Solid Methodological Framework:
Combines exceedance probability curves, distribution fitting, and Monte Carlo Simulation to derive robust and sector-specific loss estimates. Incorporates rate of change analysis, which adds depth to understanding vulnerability dynamics across sectors.
Real-World Application:
Empirically applied to the "7.20" Zhengzhou flood using 424 valid enterprise surveys, enhancing both credibility and replicability.
Actionable Sector-Specific Insights:
Finds that wholesale and retail trade is more vulnerable at shallow depths, while manufacturing becomes more vulnerable as inundation depth increases. Provides practical implications for targeted flood preparedness and recovery strategies.
Specific Comments:
Handling of Response Bias:The authors do well to acknowledge and address response bias. The approach of classifying damage states and modeling exceedance probabilities is well-justified. However, a brief comparative note on how this method improves upon traditional regression-based or assumed-PCLR models would help clarify its added value.
Model Generalizability:
The authors acknowledge limitations regarding generalization. Future applicability in diverse geographic and sectoral contexts (e.g., agriculture or public services) could be more explicitly discussed in the conclusion.
Classification of Damage States:
Damage state thresholds (e.g., [0, 1/3), [1/3, 2/3)) are sensible, but the paper could briefly discuss the sensitivity of results to these threshold choices or how alternate classifications might impact robustness.
Economic Modeling Link:
The manuscript suggests that PCLR values can serve as inputs for IO and CGE models, which is important. Including a schematic diagram or example of how these values would be plugged into such models would improve clarity for interdisciplinary audiences.
Policy Implications:
The policy section is informative, especially the recommendation for sector-specific emergency funds and infrastructure investments.

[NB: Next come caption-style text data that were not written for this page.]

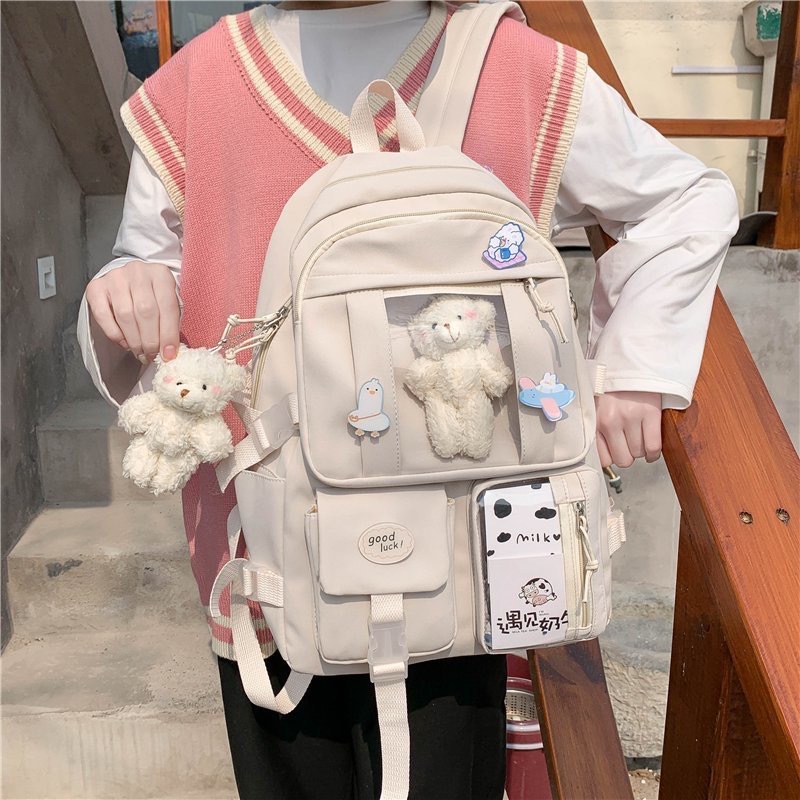 Nowy plecak dla dziewcząt do szkoły średniej torby szkolne dla nastoletnich dziewcząt wiele kieszeni plecak Kawaii kobiety Harajuku śliczne Mochila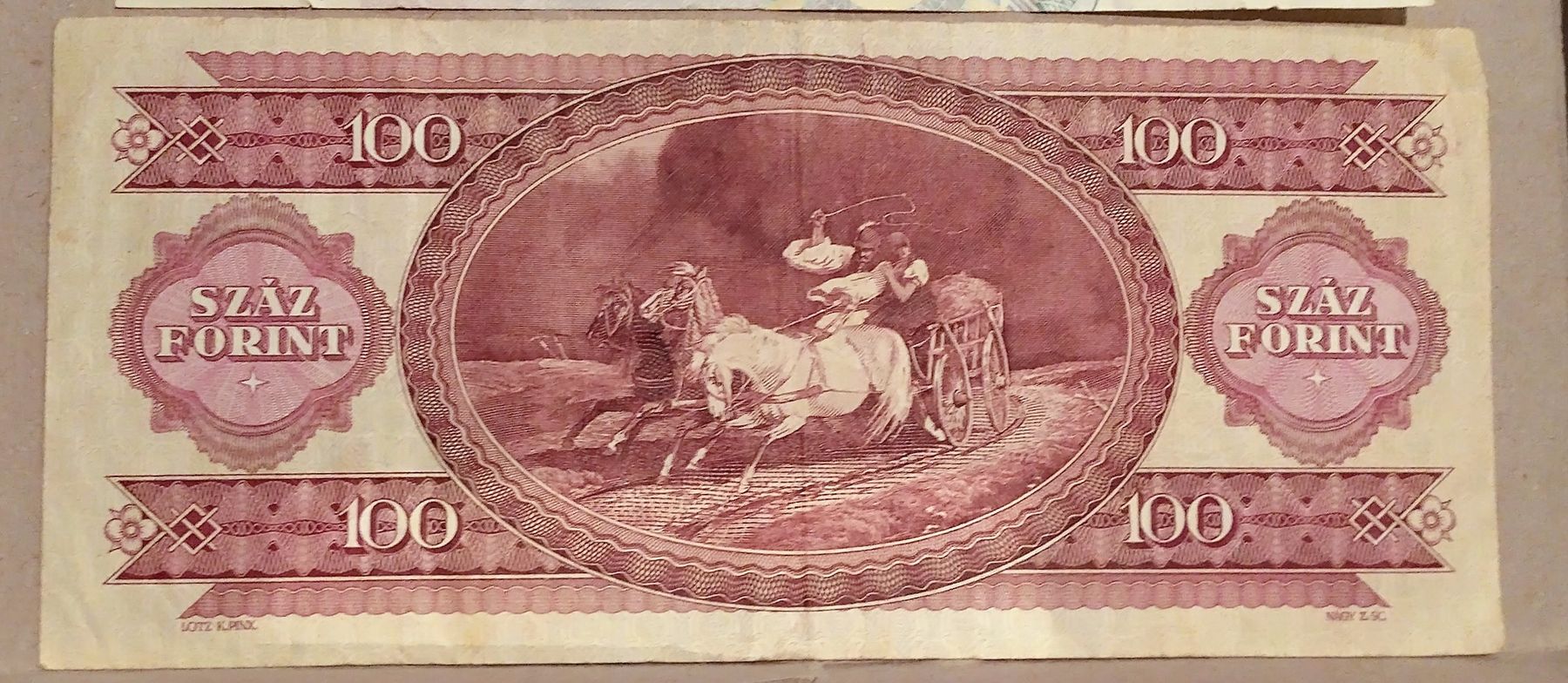 Banknoten: Ungarische 100 Forint Banknote von 1968 – Gebraucht aus Steinhausen von MuRaTo 1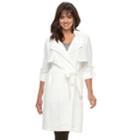 Women's Jennifer Lopez Draped Trench Coat, Size: Large, White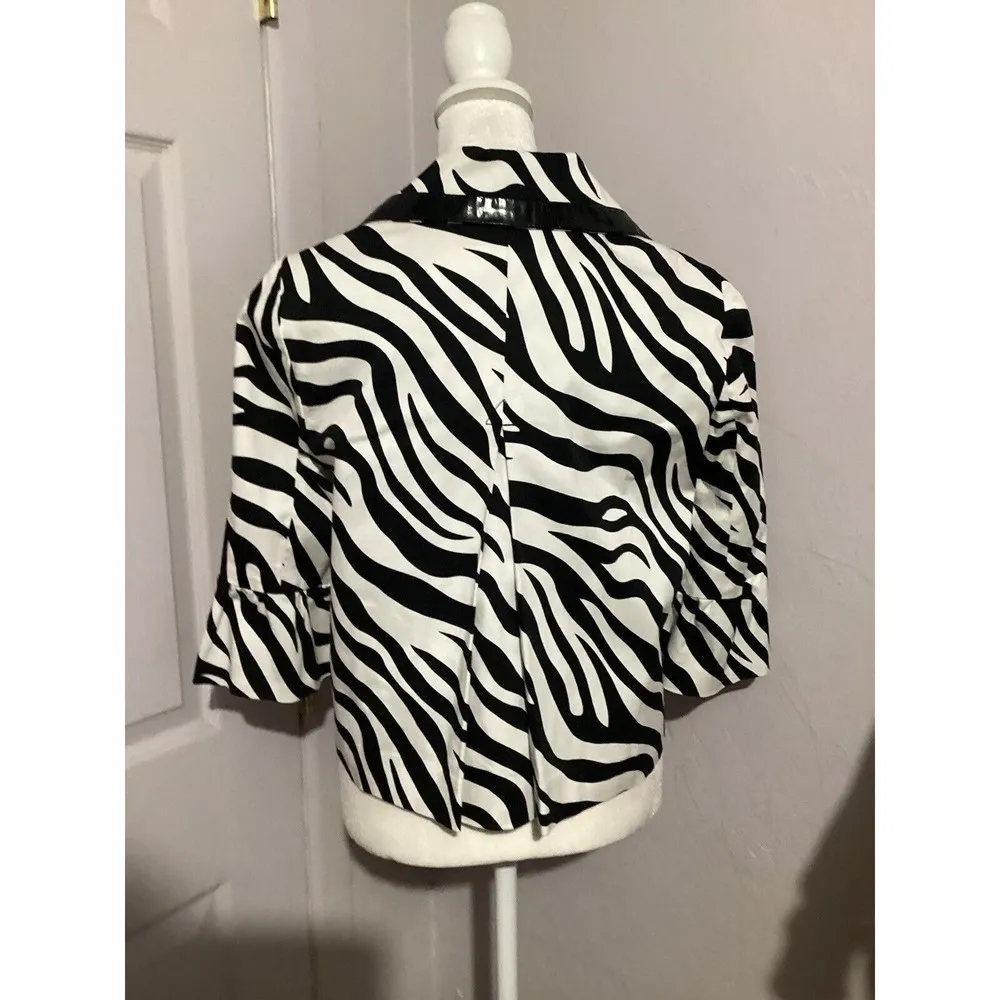 Sandro Sportswear Zebra Wide Sleeve Short Blazer Button Up - Image 6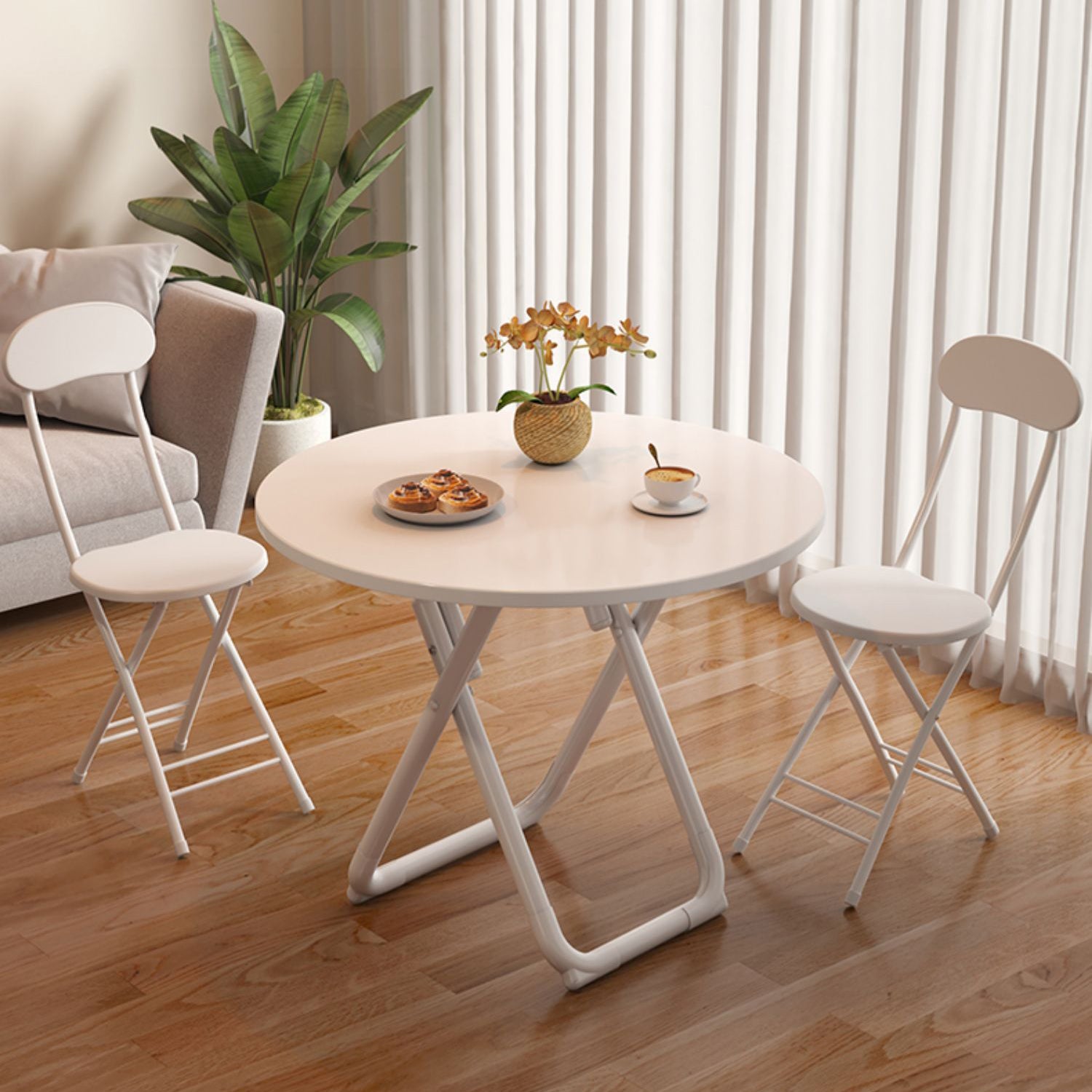 Modern Folding Dining Table Wooden Tabletop with Metal Base for Home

This could be enhanced with a brief discussion on data collection protocols for future disasters to enable rapid PCLR estimation.
Minor Suggestions:
Grammar and clarity:Some long sentences (especially in the introduction and methodology) could be split to improve readability.
Figures:
Figures 3–6 are useful and well-labeled, but some could benefit from annotations or key call-outs to highlight major differences across sectors.
Terminology:
The term “response-bias-tolerant framework” is accurate but could be briefly defined when first introduced.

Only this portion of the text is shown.